Task statement:
Once the pictures are set aside, reproduce the remaining data exactly.

Material provided:
=== Section Start ===

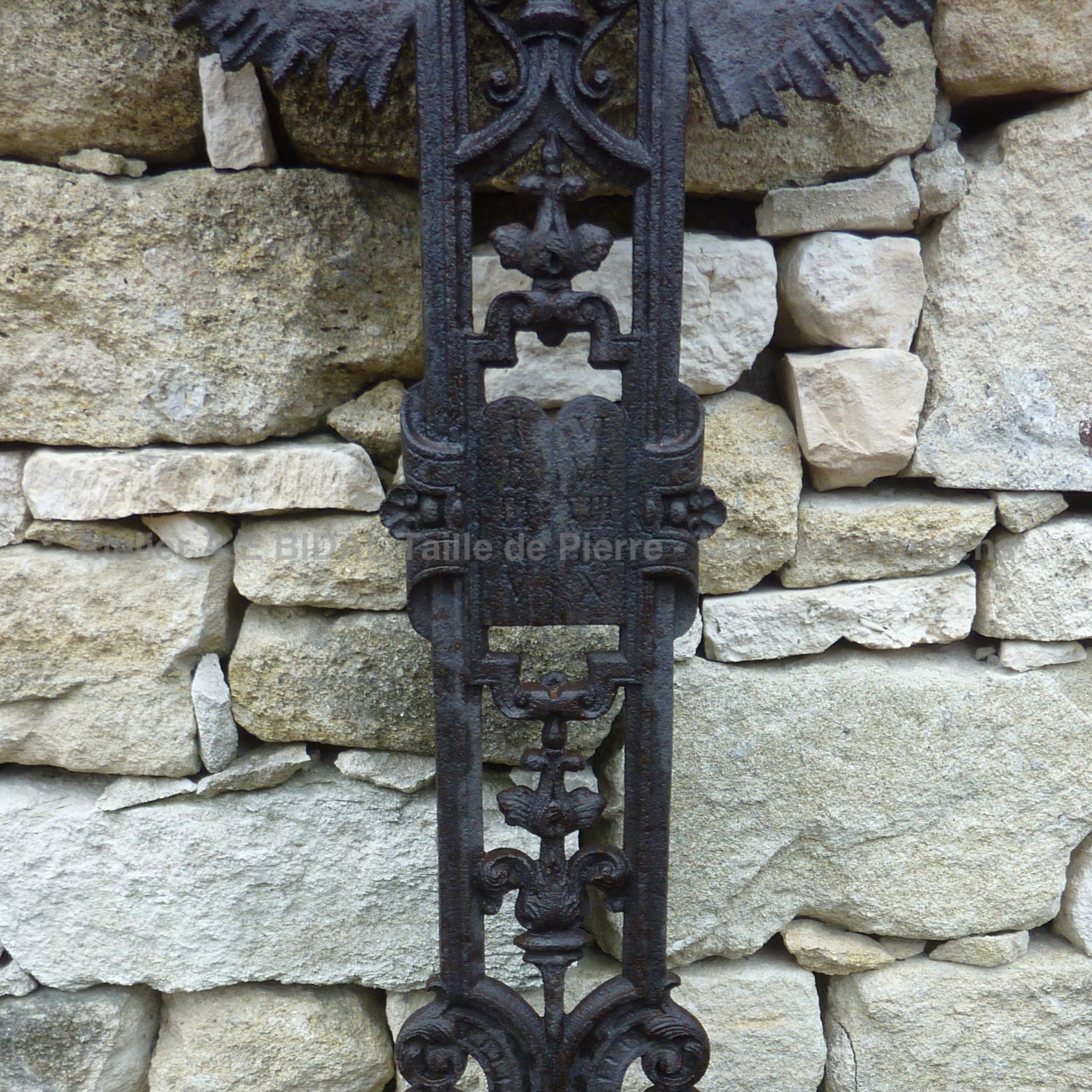 Beautiful old cross decorated with elements of nature and religious elements - old cross of exceptional beauty.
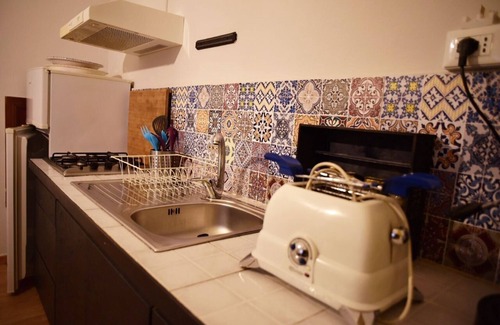 Corso dei Mille - Sant'Erasmo Apartment | Discover Gabriella's Attic: Spa and Family-Friendly Comfort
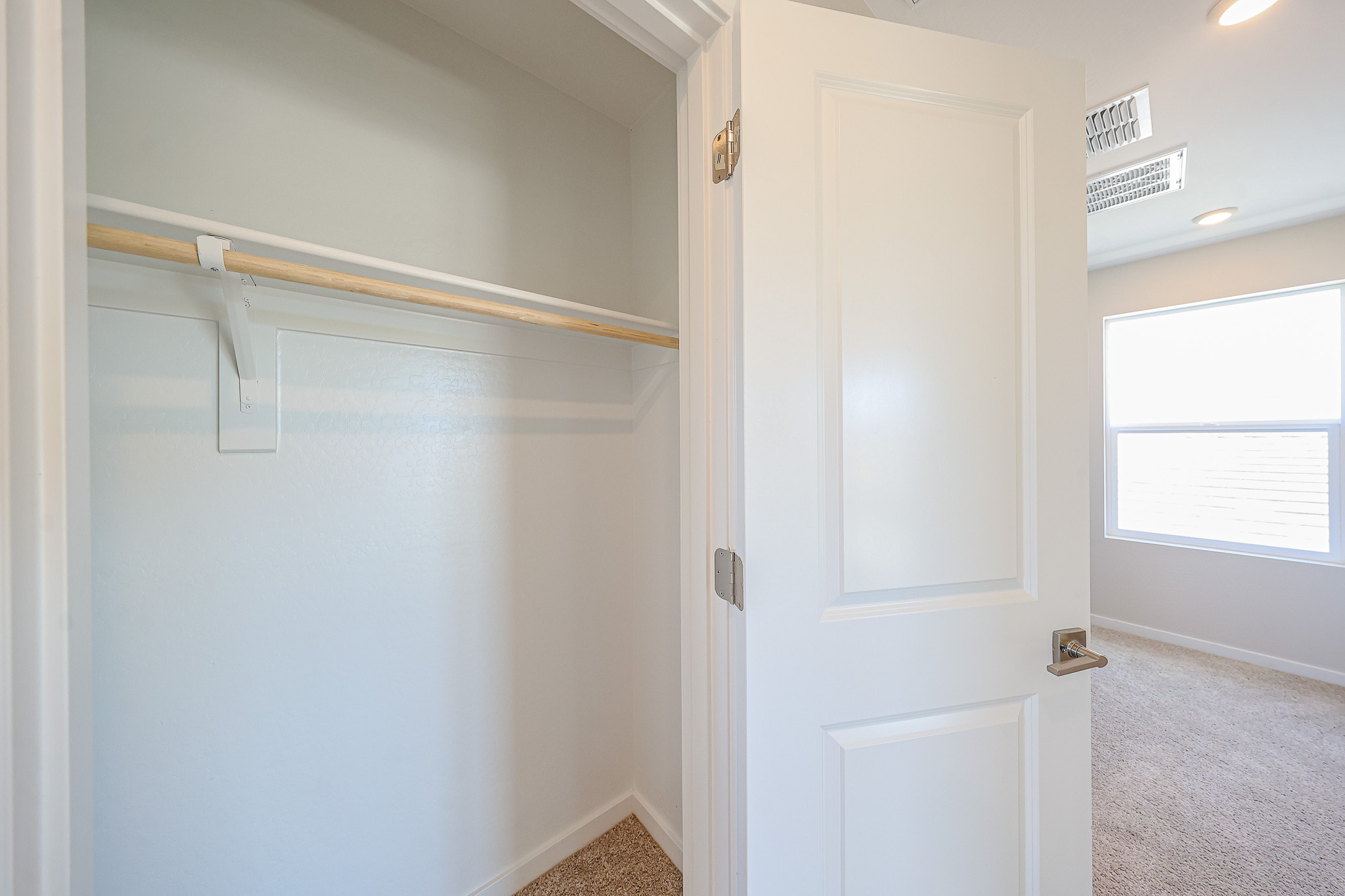 Open white closet door reveals an empty closet with a single wooden rod and shelf, beige carpet flooring, and white walls in a well-lit room.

=== Section End ===

Answer space:
 Beautiful old cross decorated with elements of nature and religious elements - old cross of exceptional beauty.
 Corso dei Mille - Sant'Erasmo Apartment | Discover Gabriella's Attic: Spa and Family-Friendly Comfort
 Open white closet door reveals an empty closet with a single wooden rod and shelf, beige carpet flooring, and white walls in a well-lit room.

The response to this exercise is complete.